[Web page caption snippets]
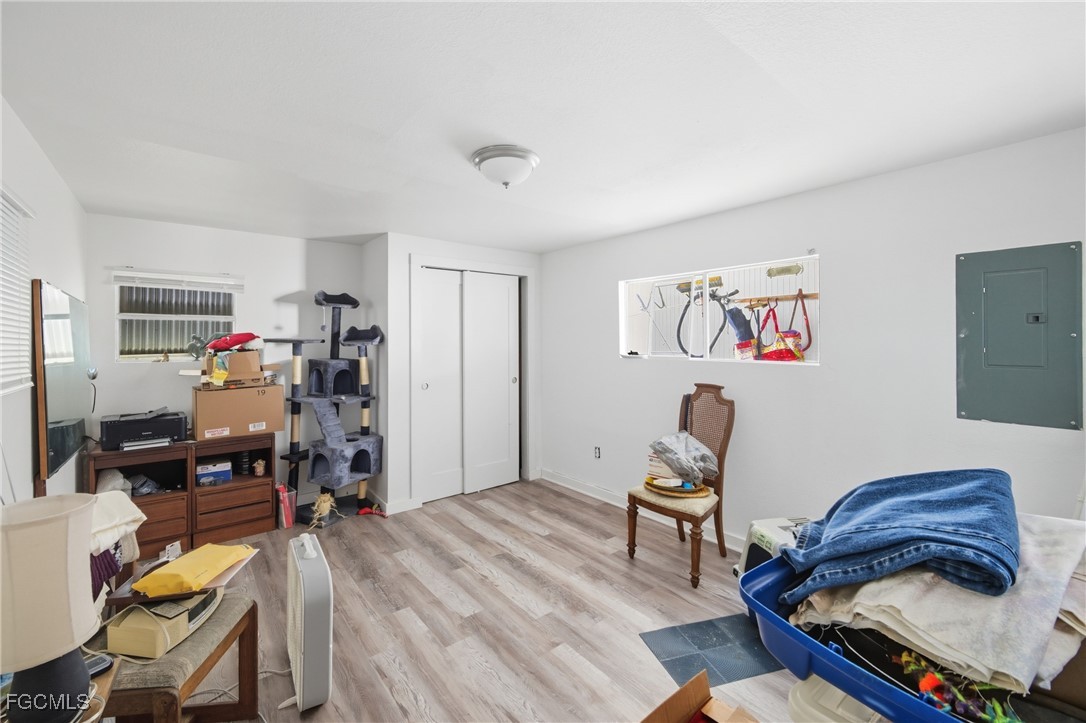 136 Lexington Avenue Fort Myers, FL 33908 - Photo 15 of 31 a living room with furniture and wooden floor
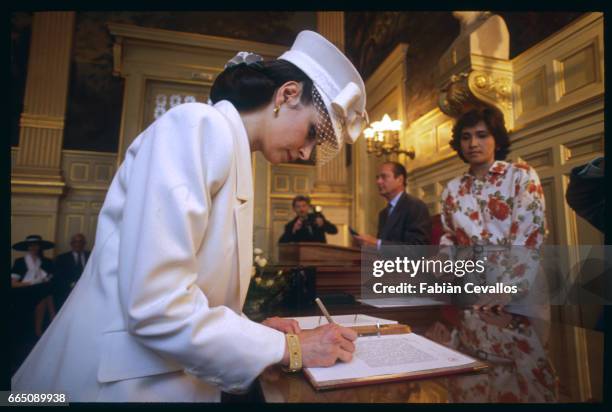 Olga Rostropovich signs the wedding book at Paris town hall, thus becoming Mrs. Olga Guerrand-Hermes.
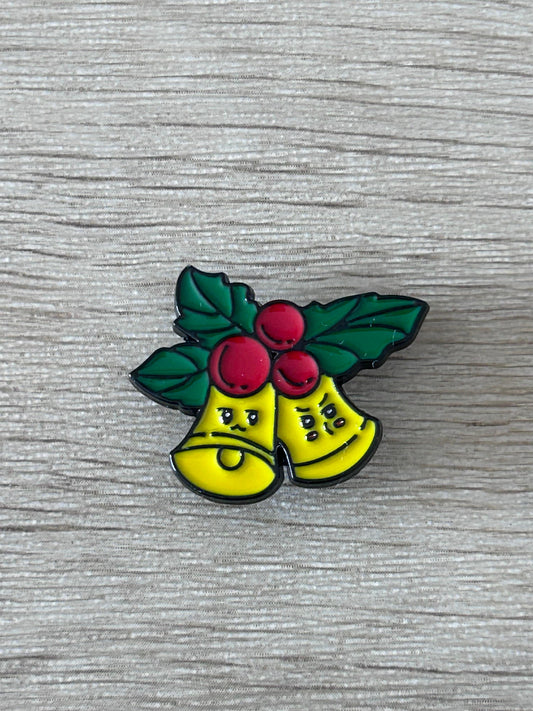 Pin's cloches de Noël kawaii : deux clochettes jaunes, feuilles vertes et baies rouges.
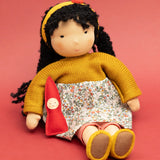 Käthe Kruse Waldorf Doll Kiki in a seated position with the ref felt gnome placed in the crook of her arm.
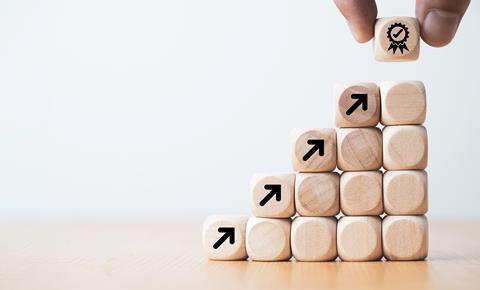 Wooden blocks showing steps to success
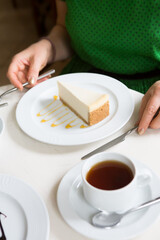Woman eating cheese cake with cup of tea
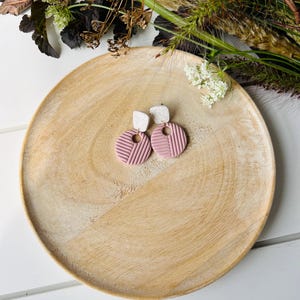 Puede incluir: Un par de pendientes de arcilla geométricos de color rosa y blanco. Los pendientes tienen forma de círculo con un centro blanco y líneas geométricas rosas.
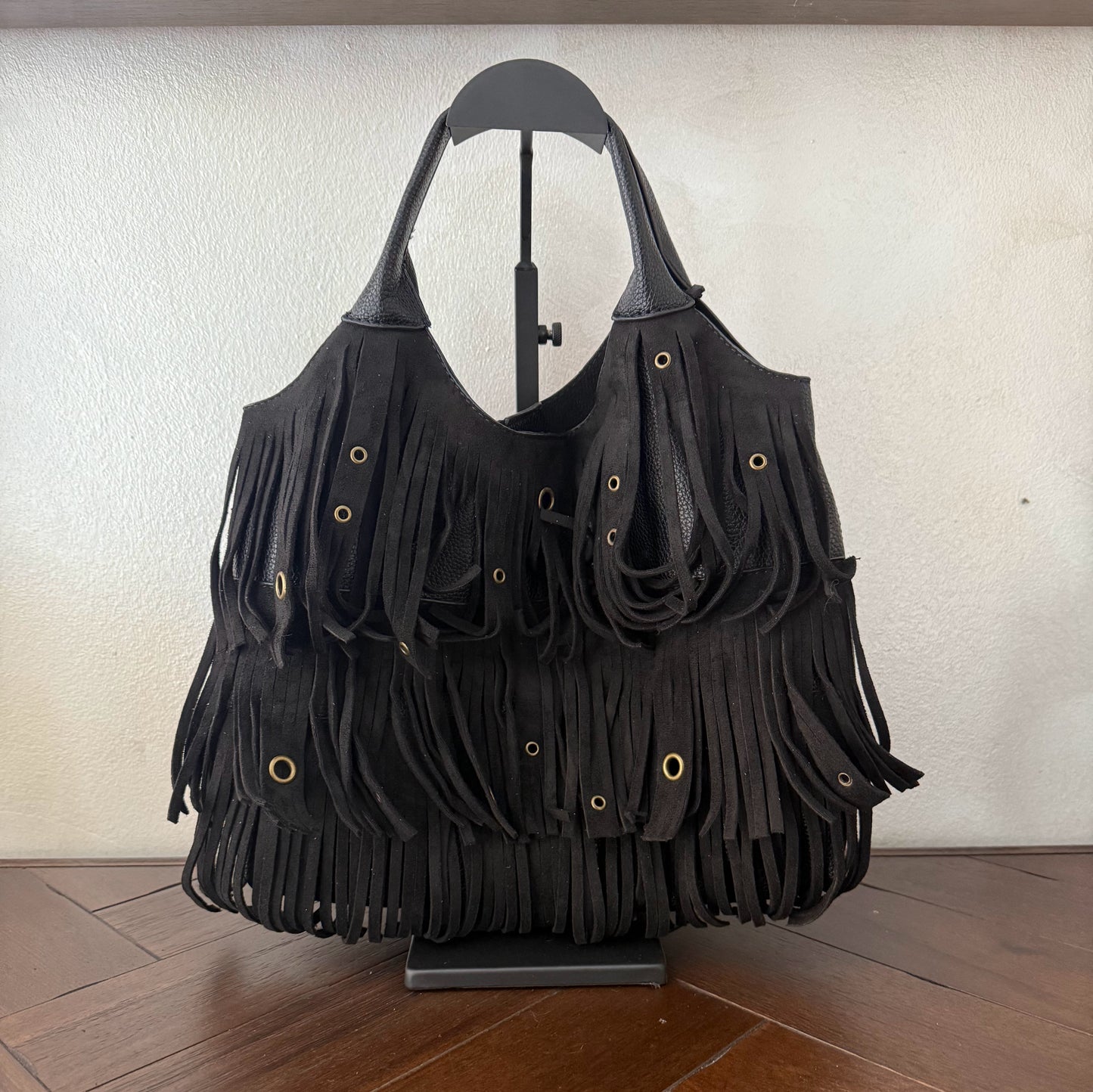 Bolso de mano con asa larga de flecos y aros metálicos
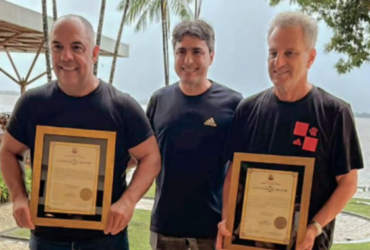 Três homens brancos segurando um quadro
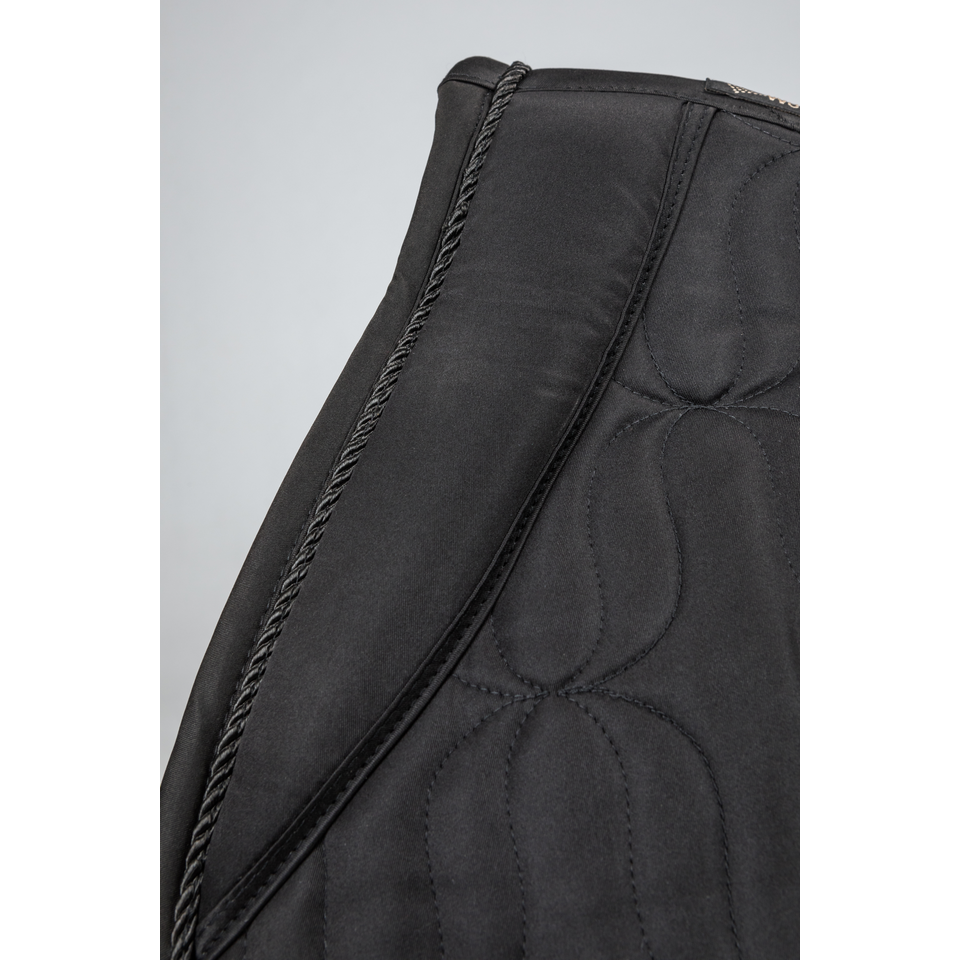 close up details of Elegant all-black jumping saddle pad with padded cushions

## What you will do:
Copy the lines exactly. Start at the line with "Olga Rostropovich signs", end at the last line above, include both, and omit all pictures.

## Reply to the exercise:
 Olga Rostropovich signs the wedding book at Paris town hall, thus becoming Mrs. Olga Guerrand-Hermes.
 Pin's cloches de Noël kawaii : deux clochettes jaunes, feuilles vertes et baies rouges.
 Käthe Kruse Waldorf Doll Kiki in a seated position with the ref felt gnome placed in the crook of her arm.
 Wooden blocks showing steps to success
Woman eating cheese cake with cup of tea
 Puede incluir: Un par de pendientes de arcilla geométricos de color rosa y blanco. Los pendientes tienen forma de círculo con un centro blanco y líneas geométricas rosas.
 Bolso de mano con asa larga de flecos y aros metálicos
 Três homens brancos segurando um quadro
 close up details of Elegant all-black jumping saddle pad with padded cushions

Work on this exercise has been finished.